A half century ago, Israel built canals to move water from the Jordan River to the coasts. Today, desalination plants send freshwater inland. Photo © Brett Walton / Circle of Blue
TEL AVIV, Israel — The water that flows into Sorek desalination plant is drawn from near the Mediterranean Sea floor. Pumped inland, the water is cleansed, step by step, of salts and impurities. The transmutation does not take long. Forty minutes after entering the facility, the stuff of sailboats and sunbathers is now drinkable.
Sorek is the newest of five Israeli coastal desalination plants. A national mission in the last decade to develop the fleet, plus many more years of investment in wastewater recycling facilities, have turned Israel into as much a water producer as a water consumer. Nearly half of the country’s water supply is now manufactured, either by desalting the Mediterranean or purifying urban sewage.

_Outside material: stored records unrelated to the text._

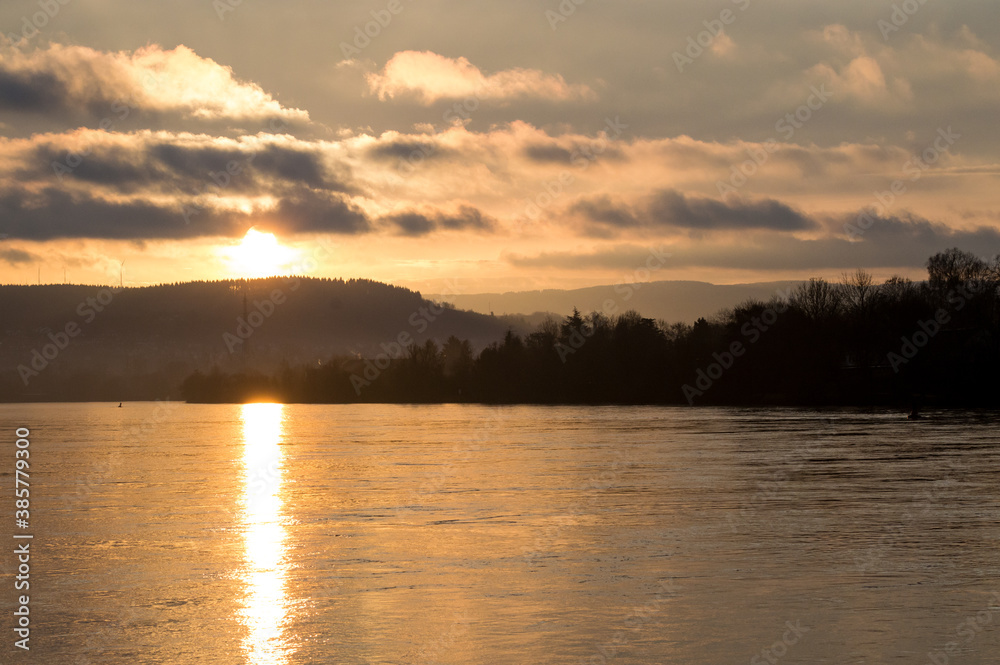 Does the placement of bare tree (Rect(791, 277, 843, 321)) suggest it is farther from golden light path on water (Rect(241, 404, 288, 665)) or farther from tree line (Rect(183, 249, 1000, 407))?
golden light path on water (Rect(241, 404, 288, 665))

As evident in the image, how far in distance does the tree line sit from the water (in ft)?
187

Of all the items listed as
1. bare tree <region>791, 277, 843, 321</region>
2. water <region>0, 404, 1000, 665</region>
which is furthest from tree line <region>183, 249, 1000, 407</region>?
water <region>0, 404, 1000, 665</region>

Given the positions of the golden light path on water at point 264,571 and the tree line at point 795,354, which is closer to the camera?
the golden light path on water at point 264,571

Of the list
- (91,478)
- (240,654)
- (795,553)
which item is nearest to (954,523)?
(795,553)

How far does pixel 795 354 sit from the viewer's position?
122 m

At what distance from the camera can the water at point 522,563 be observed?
14070 mm

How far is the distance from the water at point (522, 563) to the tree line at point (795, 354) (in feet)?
187

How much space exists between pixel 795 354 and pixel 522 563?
10844 centimetres

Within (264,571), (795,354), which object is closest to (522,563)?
(264,571)

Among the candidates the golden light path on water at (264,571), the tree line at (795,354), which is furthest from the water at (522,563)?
the tree line at (795,354)

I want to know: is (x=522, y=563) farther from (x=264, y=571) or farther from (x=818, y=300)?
(x=818, y=300)

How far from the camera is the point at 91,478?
132ft

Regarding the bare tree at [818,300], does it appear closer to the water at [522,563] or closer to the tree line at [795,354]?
the tree line at [795,354]

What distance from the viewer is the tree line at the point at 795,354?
108 meters
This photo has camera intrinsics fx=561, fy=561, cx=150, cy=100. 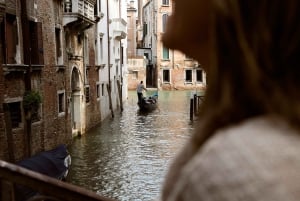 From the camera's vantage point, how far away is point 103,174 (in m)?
7.93

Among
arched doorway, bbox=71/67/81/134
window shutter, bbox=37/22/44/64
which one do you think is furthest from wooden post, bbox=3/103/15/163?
arched doorway, bbox=71/67/81/134

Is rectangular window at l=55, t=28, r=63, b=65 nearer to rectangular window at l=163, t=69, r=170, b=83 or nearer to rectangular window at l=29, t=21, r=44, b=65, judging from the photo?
rectangular window at l=29, t=21, r=44, b=65

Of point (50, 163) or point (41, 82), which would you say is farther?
point (41, 82)

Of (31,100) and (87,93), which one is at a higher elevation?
(31,100)

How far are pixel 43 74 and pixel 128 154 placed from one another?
76.4 inches

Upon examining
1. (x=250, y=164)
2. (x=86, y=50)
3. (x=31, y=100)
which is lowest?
(x=31, y=100)

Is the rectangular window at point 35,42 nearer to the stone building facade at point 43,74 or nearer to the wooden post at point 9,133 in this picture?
the stone building facade at point 43,74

Engineers, academics, and environmental campaigners see Israel’s water technology, including its advances in farm water use, in near Utopian terms: as a way to break free from a harsh geography, as a path to peace, and as an opportunity to rectify a history of environmental harm and political strife that stems from reliance on the Jordan River and mountain aquifers. In effect, rather than serving as the source of more conflict, deploying technology to increase the supply of fresh water in the Middle East could serve as a hopeful tool to achieve peace and to adapt to a drying climate.

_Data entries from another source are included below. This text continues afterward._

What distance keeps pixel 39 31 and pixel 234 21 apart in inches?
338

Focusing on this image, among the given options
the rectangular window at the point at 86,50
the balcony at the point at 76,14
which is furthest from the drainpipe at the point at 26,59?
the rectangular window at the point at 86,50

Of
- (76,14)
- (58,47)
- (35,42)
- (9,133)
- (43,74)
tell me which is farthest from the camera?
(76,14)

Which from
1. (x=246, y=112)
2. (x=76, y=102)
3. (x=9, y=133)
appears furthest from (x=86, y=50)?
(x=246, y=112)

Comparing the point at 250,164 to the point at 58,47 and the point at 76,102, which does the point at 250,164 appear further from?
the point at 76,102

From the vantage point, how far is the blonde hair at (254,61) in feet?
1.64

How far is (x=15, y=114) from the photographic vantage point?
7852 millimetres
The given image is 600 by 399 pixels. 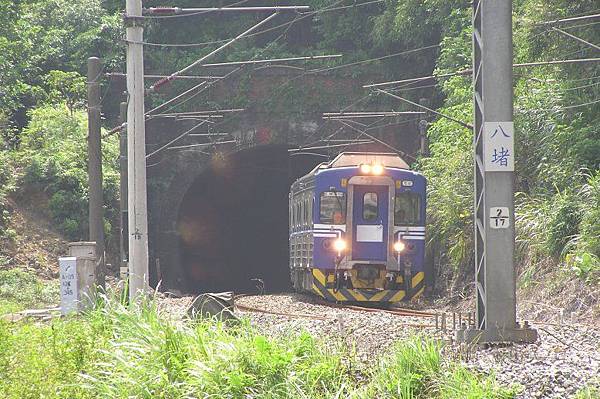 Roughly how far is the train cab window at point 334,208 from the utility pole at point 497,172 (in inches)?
374

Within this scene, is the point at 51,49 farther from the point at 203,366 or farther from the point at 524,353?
the point at 524,353

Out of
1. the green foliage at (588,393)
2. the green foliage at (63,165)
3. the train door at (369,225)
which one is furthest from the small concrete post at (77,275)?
the green foliage at (63,165)

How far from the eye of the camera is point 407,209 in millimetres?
20906

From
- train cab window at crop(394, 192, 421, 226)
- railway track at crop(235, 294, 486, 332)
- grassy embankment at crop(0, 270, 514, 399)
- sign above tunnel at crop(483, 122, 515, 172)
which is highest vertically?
sign above tunnel at crop(483, 122, 515, 172)

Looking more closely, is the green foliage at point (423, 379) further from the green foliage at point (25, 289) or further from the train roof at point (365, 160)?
the green foliage at point (25, 289)

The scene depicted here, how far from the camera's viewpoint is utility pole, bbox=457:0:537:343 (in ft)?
36.5

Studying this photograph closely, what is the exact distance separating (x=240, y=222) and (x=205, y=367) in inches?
1294

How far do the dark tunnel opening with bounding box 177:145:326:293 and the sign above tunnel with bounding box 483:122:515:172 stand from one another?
24.6m

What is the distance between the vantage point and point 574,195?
66.3 feet

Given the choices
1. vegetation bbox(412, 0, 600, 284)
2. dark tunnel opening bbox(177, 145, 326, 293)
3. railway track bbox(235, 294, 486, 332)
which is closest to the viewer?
railway track bbox(235, 294, 486, 332)

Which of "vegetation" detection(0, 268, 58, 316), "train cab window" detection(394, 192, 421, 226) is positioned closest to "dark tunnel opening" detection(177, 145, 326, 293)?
"vegetation" detection(0, 268, 58, 316)

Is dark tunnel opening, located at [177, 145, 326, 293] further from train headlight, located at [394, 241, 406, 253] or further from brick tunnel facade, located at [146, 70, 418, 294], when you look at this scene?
train headlight, located at [394, 241, 406, 253]

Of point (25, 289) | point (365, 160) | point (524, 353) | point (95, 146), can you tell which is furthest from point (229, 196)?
point (524, 353)

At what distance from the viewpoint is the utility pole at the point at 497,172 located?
36.5 feet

But while the rapid construction of desalination plants, water recycling facilities, and other innovations strengthened Israel’s water security and garnered international acclaim, the grand vision of the optimists is impeded by the myriad ecological, economic, and political realities of the present. And the stresses of that present swirl around the region’s vital sources of surface and groundwater — principally the Jordan River, which forms the boundary between Israel and its neighbors.
Simply stated, the ecological and political condition of the Jordan River basin is dreadful. Regional tension, ever present between Israelis and Palestinians, surfaced again in recent months as West Bank villages accused Israeli authorities of cutting water supplies during Ramadan, the holy month of fasting. Israel asserts that Palestinians refuse to cooperate on repairing leaky pipes.
The ecological damage in the region is also severe. The Dead Sea, at the end of the Jordan River, is drying. Water levels are dropping by 1 meter (3 feet) per year because of water diverted upstream. The country’s rivers and springs, some of which tumble through deep chasms to feed the Dead Sea, are polluted and depleted. At times the Jordan resembles a drainage canal, soiled and fetid.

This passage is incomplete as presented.